Her biggest moment was beating Venus Williams, something no one expected!
After making it through the first week of the competition, Coco was knocked out by Simona Halep - who went on to win the entire competition.
Teen Vogue caught up with her ahead of the US Open, where she's secured another wild-card entry for the tournament's main draw.
So what's life been like for Coco since she shot to fame at Wimbledon and what's she been up to?
Coco's been spending time with family
Understandably she been busy with tennis practice and home schooling, but when she's not on the court she enjoys spending time with her family.
Coco told Teen Vogue: "I don't really look at my cousins as cousins, more as friends, because I actually hang out with them," she says. "Now that everything has happened, I know that they are going to always have my back."
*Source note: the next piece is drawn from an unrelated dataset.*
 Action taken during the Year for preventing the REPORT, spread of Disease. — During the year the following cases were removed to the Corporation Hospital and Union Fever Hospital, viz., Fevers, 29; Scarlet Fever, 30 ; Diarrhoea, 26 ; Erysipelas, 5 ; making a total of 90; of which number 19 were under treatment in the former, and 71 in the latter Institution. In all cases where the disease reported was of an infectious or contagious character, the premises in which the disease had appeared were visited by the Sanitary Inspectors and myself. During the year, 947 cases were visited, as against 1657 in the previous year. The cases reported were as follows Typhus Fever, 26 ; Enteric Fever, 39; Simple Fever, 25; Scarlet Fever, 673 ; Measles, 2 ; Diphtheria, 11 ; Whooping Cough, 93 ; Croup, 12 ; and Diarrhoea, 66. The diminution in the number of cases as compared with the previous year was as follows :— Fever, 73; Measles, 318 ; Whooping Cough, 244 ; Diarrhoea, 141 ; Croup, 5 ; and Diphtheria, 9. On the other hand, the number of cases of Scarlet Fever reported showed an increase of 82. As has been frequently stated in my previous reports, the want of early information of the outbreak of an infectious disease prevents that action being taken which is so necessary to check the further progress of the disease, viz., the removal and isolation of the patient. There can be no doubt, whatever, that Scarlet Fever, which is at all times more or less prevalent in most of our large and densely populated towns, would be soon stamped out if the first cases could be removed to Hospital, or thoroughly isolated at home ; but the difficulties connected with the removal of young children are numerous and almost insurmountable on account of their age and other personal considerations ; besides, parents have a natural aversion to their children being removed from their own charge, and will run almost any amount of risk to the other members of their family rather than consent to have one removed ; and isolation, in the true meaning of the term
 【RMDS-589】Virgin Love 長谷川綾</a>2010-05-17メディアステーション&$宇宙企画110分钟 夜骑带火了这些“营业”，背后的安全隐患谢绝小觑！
Although tennis is her focus, she's passionate about spending big holidays with family, so if Coco ends up playing in the Australian Open (which takes place just after Christmas) her family will have to factor it in.
But like every teen, she still has the occasional disagreement with her parents. "Sometimes when you're around someone a lot, you're gonna get sick of them," she says. "So sometimes [my dad and I] go through that, and then my mom kind of pieces it back together."
When she's not playing she's most likely to be found watching sports with her brothers, Cameron, 6, and Cody, 11. She also likes ordering new sportswear and jeans, binge-watching TV series, and listening to a lot of hip-hop.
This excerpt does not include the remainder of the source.